Data supplied ->
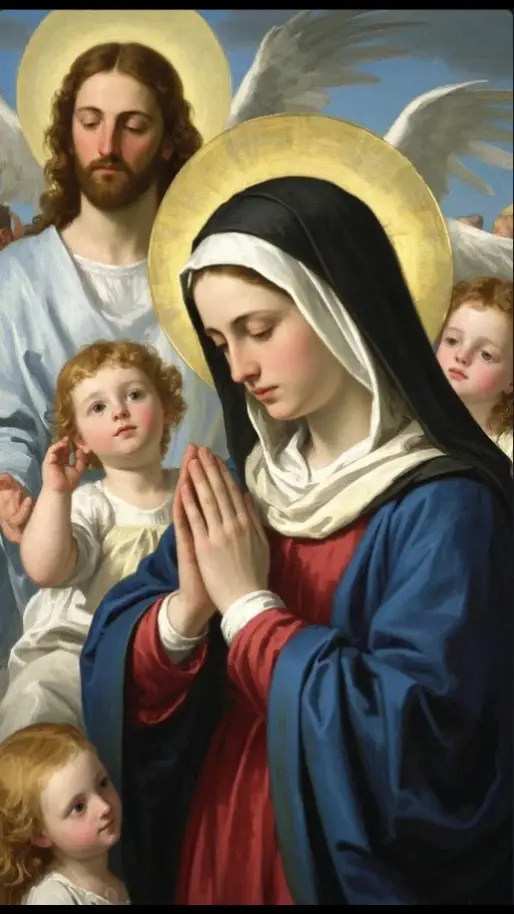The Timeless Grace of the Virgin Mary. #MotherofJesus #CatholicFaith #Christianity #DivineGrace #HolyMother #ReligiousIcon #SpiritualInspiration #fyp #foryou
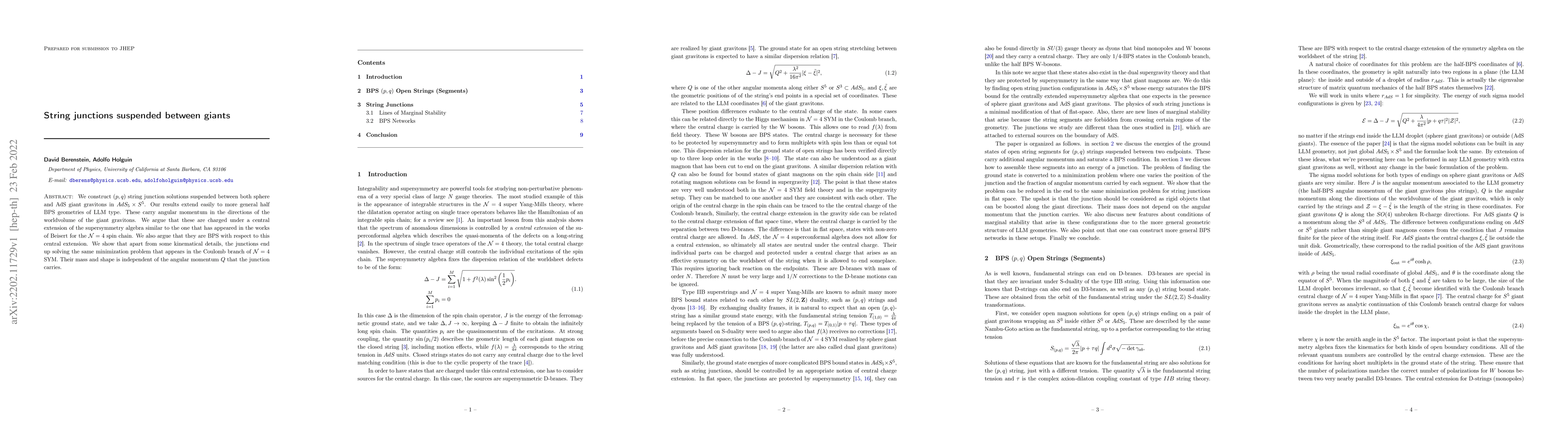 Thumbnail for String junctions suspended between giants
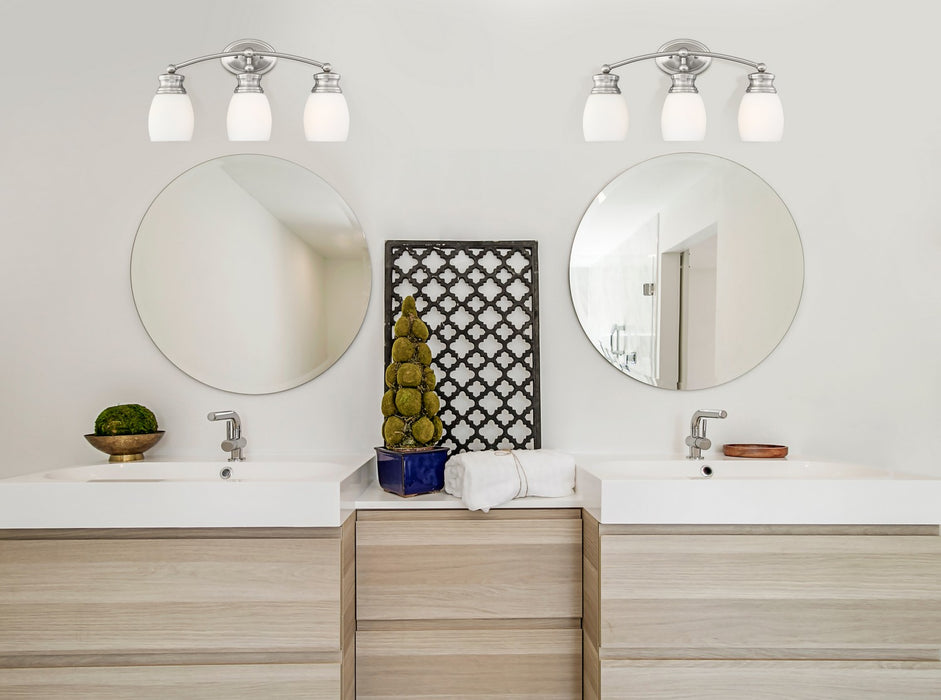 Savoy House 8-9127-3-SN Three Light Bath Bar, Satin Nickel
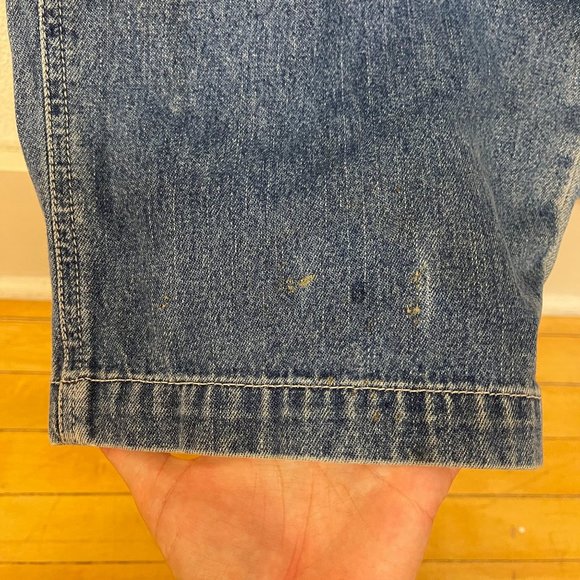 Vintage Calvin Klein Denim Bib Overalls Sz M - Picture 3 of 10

---

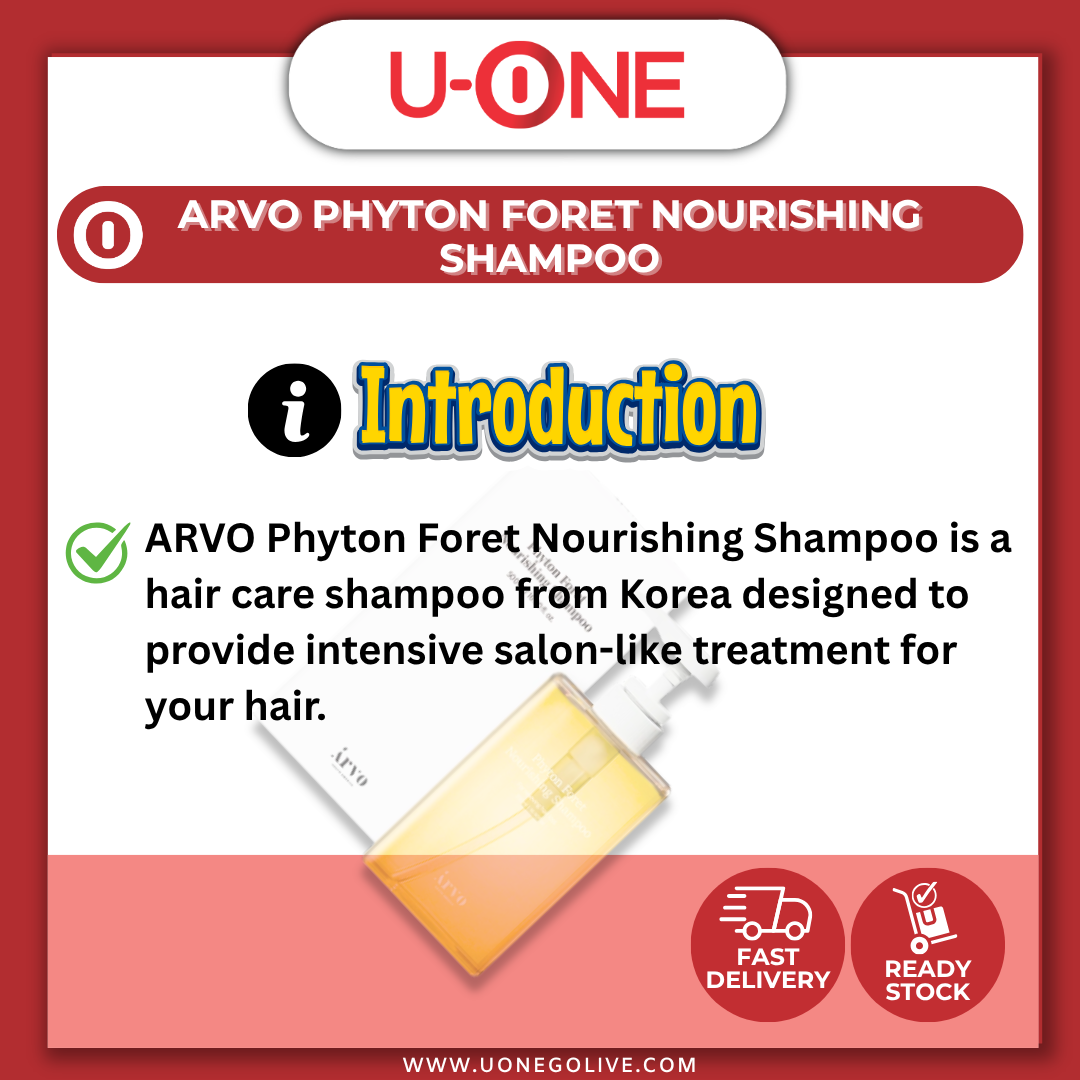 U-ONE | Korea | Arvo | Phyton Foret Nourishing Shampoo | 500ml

Exercise description -> Using the entries above, write out exactly the lines from the one with "The Timeless Grace" through the one with "Vintage Calvin Klein", ends included. Leave out any pictures.

Result of this exercise ->
The Timeless Grace of the Virgin Mary. #MotherofJesus #CatholicFaith #Christianity #DivineGrace #HolyMother #ReligiousIcon #SpiritualInspiration #fyp #foryou
 Thumbnail for String junctions suspended between giants
 Savoy House 8-9127-3-SN Three Light Bath Bar, Satin Nickel
 Vintage Calvin Klein Denim Bib Overalls Sz M - Picture 3 of 10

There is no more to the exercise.